Fast forward to the early 2000s, and having more exposure to hardware through my employer, I tried a series of “industrial” computers that were waterproof and ruggedized (at significant cost I might add) and ran everything from linux to Windows trying to build a better boat PC. I even went as far as purchasing a really expensive Planar touch screen and tried to build a chart plotter on my own. It didn’t really pan out.
Somewhere around that time, I stumbled on Soekris, who at the time made lower power computers on a single board. In the picture above, you can see the one I had on Jammy for many years. I also had several others at our family cabin, in a remote location with a solar panel installation, in a car, and at home. They were versatile computers that took lots of abuse, didn’t get too hot or have fans, and had a decent amount of ethernet and serial ports. The one above is running directly off of my battery bank, which fluctuated between 11.5-14 volts, and had a USB connection to the AT&T hotspot you see in the foreground, plus a serial/USB connection to a Maretron device, or an Actisense NGT device later in its life.

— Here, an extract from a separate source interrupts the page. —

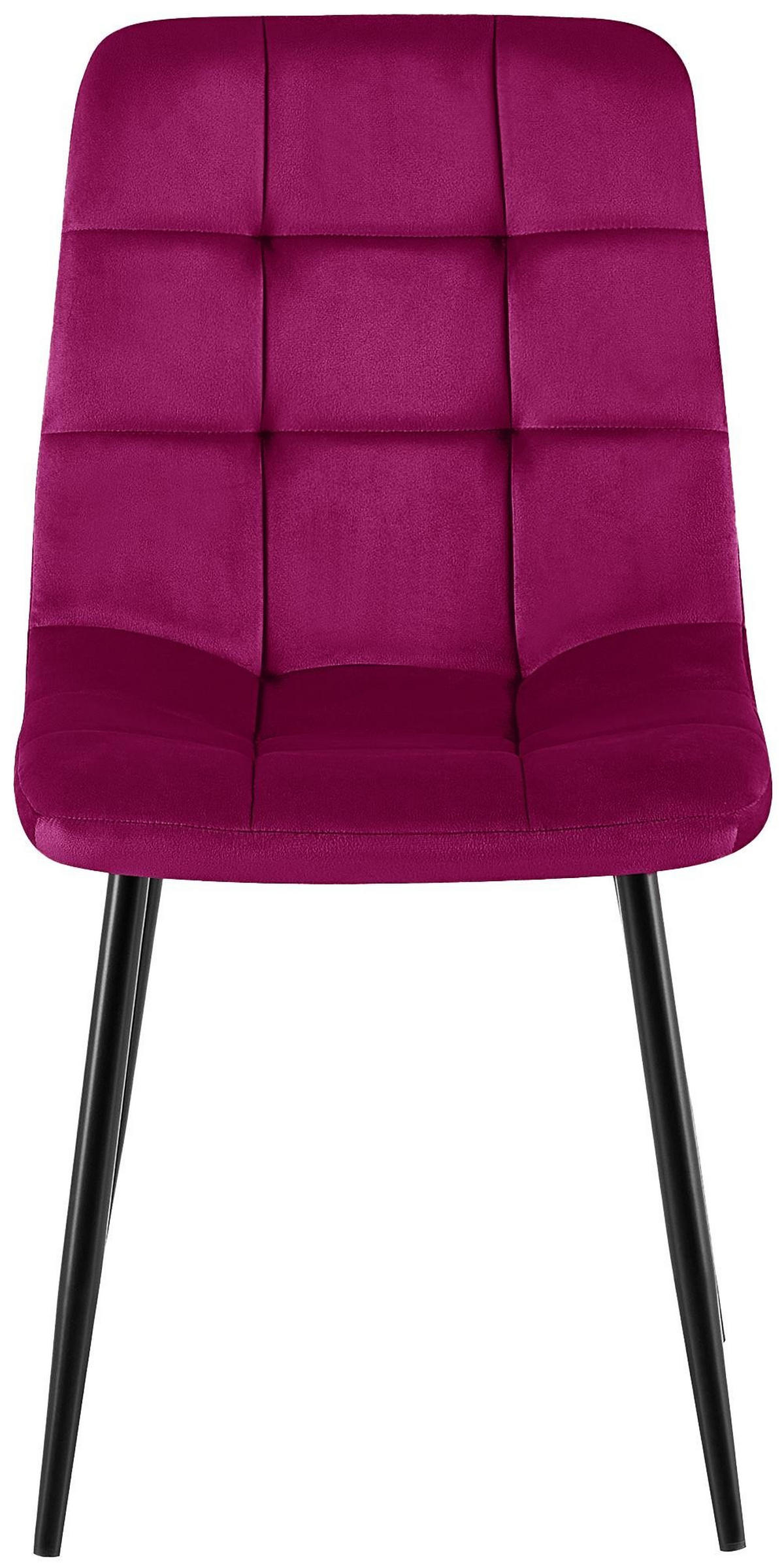 ESSZIMMERSTÜHLE Antibes 4er Set 84x45x55 cm lila - Lila, Textil (45/84/55cm) - furnicato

Soekris systems required pure Debian and some custom drivers, plus a rather esoteric installation process. But boy did they just chug along – and they had a nice watchdog to reboot when things went bad, and a serial console you could connect to when needed.
Soekris weren’t marine-grade, so to help prevent corrosion, I used a mix of plastic coverings, sealed cases, and Boeshield, which is an amazing product every boater should have on board, developed by Boeing.
The Soekris boards went through a number of revisions, from a really slow AMD CPU, to a more modern Intel Celeron-type processor in their final revision. Soekris went out of business in 2017 after 16 years of building what I would consider to be some of the best single board, low power, headless computers ever. I was sad when they closed up shop.
I continued using their products on the boat until 2013, and elsewhere I used them until late 2017 when I replaced a dedicated weather station computer that had been running for 6+ years at our family cabin, which was responsible for nileweather.com. I replaced them because newer, faster, and less power hungry options were available. I seem to remember this Soekris taking up about 5-6 watts on Jammy.
While the Soekris still holds the record for the longest running computer on any of my boats. Along the way I tried a number of other random solutions, some worth covering here.
As mentioned above, one of the more successful boat computers, although short lived, was a Jetway system in a ruggedized case from one of my go-to sources for industrial stuff, Logic Supply. The main computer board was originally designed for car applications, so it had a great power supply that handled wide voltages, and a few other features that came in hand on the boat. The computer was only one part of this experiment, as I also found and purchased a ruggedized touch screen monitor that I intended on using as a full chart plotter and boat server. The touch screen took a lot of fiddling to get it to work with Linux, and eventually I abandoned that part, and tried Windows XP along with Coastal Explorer. It worked reasonably well, but was not as stable as I would have liked, crashing during navigation while sending NMEA 0183 to my autopilot, and many other things. Windows just didn’t seem like the right thing to use as a permanent server, nor as something to replace chart plotters at the time.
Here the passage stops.